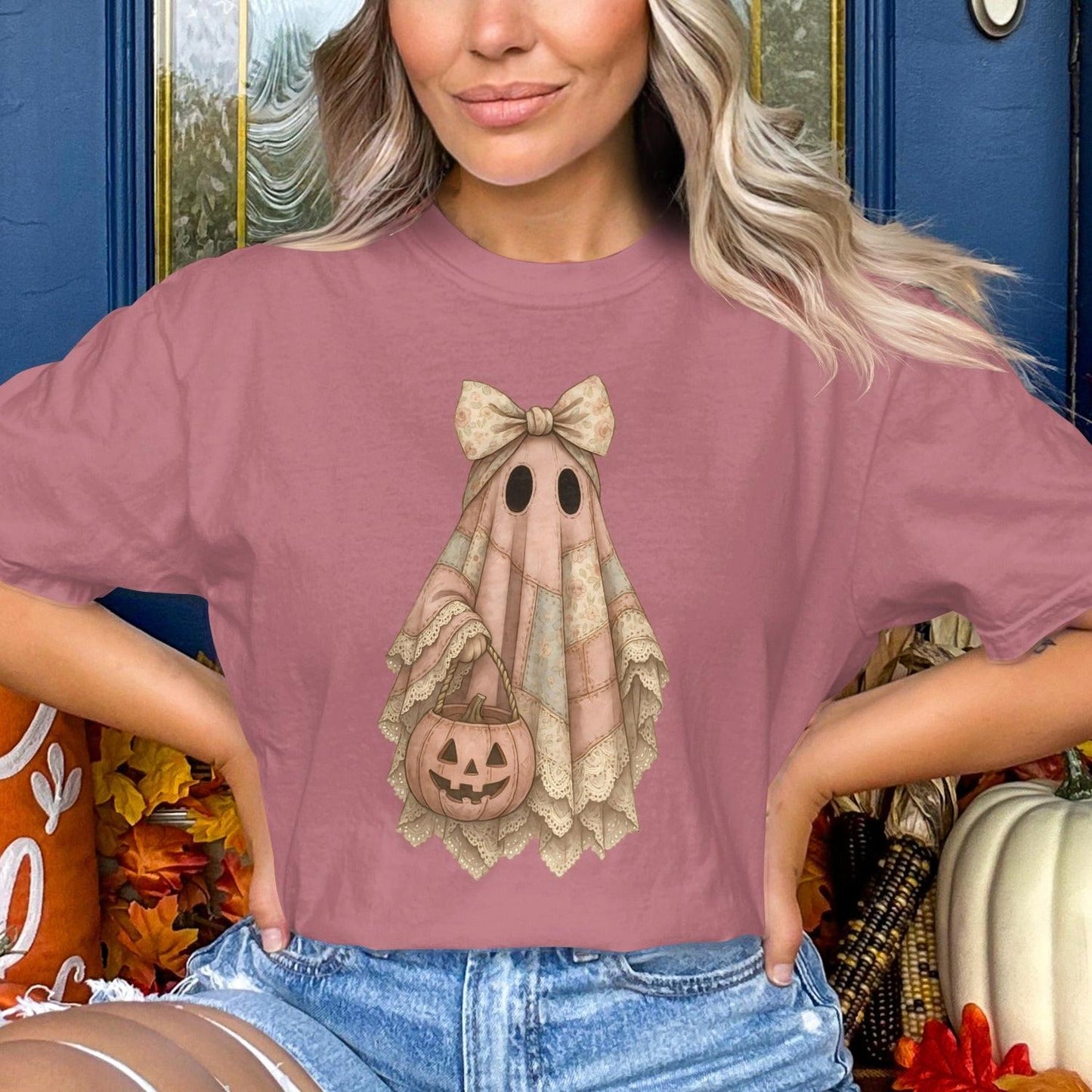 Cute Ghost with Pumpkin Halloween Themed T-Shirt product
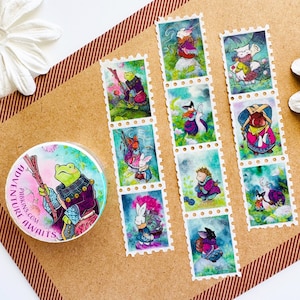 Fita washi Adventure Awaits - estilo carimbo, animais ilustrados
* * *
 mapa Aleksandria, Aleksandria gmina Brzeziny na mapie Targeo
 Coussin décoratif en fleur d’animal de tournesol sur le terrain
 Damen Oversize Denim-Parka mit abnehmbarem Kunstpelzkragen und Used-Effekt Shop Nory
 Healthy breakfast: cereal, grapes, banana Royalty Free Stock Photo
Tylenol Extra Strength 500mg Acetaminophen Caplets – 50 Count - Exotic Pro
---
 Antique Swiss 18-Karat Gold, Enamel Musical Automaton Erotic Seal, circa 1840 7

TASK DETAILS
Print, without alteration, only the lines above between the one holding "mapa Aleksandria, Aleksandria" and the one holding "Tylenol Extra Strength", inclusive.

WRITTEN RESPONSE
 mapa Aleksandria, Aleksandria gmina Brzeziny na mapie Targeo
 Coussin décoratif en fleur d’animal de tournesol sur le terrain
 Damen Oversize Denim-Parka mit abnehmbarem Kunstpelzkragen und Used-Effekt Shop Nory
 Healthy breakfast: cereal, grapes, banana Royalty Free Stock Photo
Tylenol Extra Strength 500mg Acetaminophen Caplets – 50 Count - Exotic Pro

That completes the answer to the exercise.